I'm very new to C language much less programming in general and am working through the cs50 edx course. I encountered this problem in week 1 where I'm supposed to validate credit cards given their characteristics (they're in the comments).
After hours worth of research and trials, I managed to solve it though I think it's way too long and I am 90% sure it can be shortened with loops. I added the long version that works and an iteration of it which uses loops that I just can't get to work. Any advice would help and be very much appreciated!
#include <stdio.h>
#include <cs50.h>
int main(void)
{
//user input for credit card number
long creditCard = get_long("Credit Card: ");
//initialize array for finding digits
int digit[16];
int oddDigits[8];
//separate all digits as variables in array digits[]

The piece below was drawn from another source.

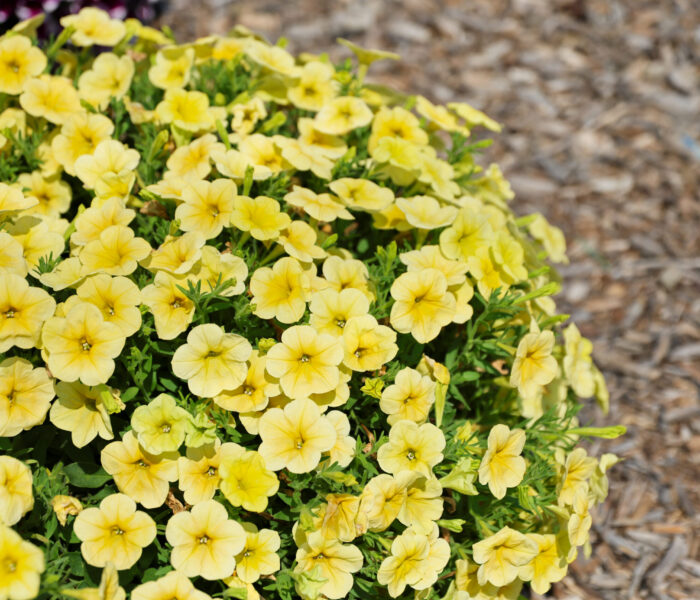 MYP Trial Garden 2025 Yellow flowers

digit[0] = ((creditCard / 1000000000000000) % 10);
digit[1] = ((creditCard / 100000000000000) % 10);
digit[2] = ((creditCard / 10000000000000) % 10);
digit[3] = ((creditCard / 1000000000000) % 10);
digit[4] = ((creditCard / 100000000000) % 10);
digit[5] = ((creditCard / 10000000000) % 10);
digit[6] = ((creditCard / 1000000000) % 10);
digit[7] = ((creditCard / 100000000) % 10);
digit[8] = ((creditCard / 10000000) % 10);
digit[9] = ((creditCard / 1000000) % 10);
digit[10] = ((creditCard / 100000) % 10);
digit[11] = ((creditCard / 10000) % 10);
digit[12] = ((creditCard / 1000) % 10);
digit[13] = ((creditCard / 100) % 10);
digit[14] = ((creditCard / 10) % 10);
digit[15] = (creditCard % 10);
//double the value of every other digit as oddDigits[]

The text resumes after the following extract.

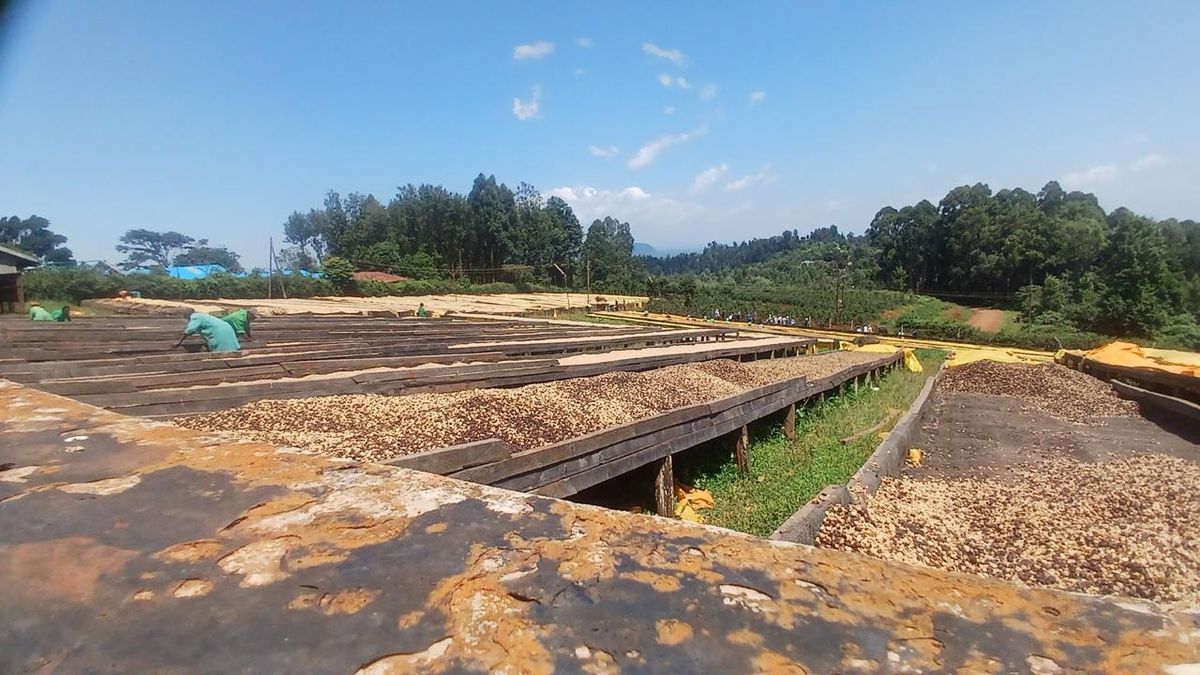 Raised drying tables with parchment coffee at a factory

oddDigits[0] = digit[0] * 2;
oddDigits[1] = digit[2] * 2;
oddDigits[2] = digit[4] * 2;
oddDigits[3] = digit[6] * 2;
oddDigits[4] = digit[8] * 2;
oddDigits[5] = digit[10] * 2;
oddDigits[6] = digit[12] * 2;
oddDigits[7] = digit[14] * 2;
//the first part in finding the sum of every other digit
for (int o = 0; o < 8; o++) {
if (oddDigits[o] > 9) {
oddDigits[o] -= 9;
}
}
//part 2 of finding the sum of every other digit
int sum = 0;
for (int s = 0; s < 8; s++) {
sum += oddDigits[s];
}
//sum of everything else
for (int s2 = 1; s2 < 16; s2 += 2) {
sum += digit[s2];
}
//check if last digit is 0
int check = sum % 10;
//last part of validation
if (check != 0)
printf("INVALID\n");
//type of card
else {
if (digit[0] == 0 && digit[1] == 3 && (digit[2] == 4 || digit[2] == 7)) //15 digits starting with either 34 or 37
{
printf("AMAX\n");
}
else if (digit[0] == 5 && (digit[1] == 1 || digit[1] == 2 || digit[1] == 3 || digit[1] == 4 || digit[1] == 5)) //16 digits starting with either 51 - 54
{
printf("MASTERCARD\n");
}
else if (digit[0] == 4) //16 digits starting with 4
{
printf("VISA\n");
}
else if (digit[0] == 0 && digit[1] == 0 && digit[2] == 0 && digit[3] == 4) //13 digits starting with 4
{
printf("VISA\n");
}
else
{
printf("INVALID\n");
}
}
}
The only part I changed is where I try to get every digit of the number using for loops and the part where I try to double every other digit... I did a test where after the loop it will print all the digits separately and it always prints 1 no matter what and I'm wondering what I'm doing wrong here...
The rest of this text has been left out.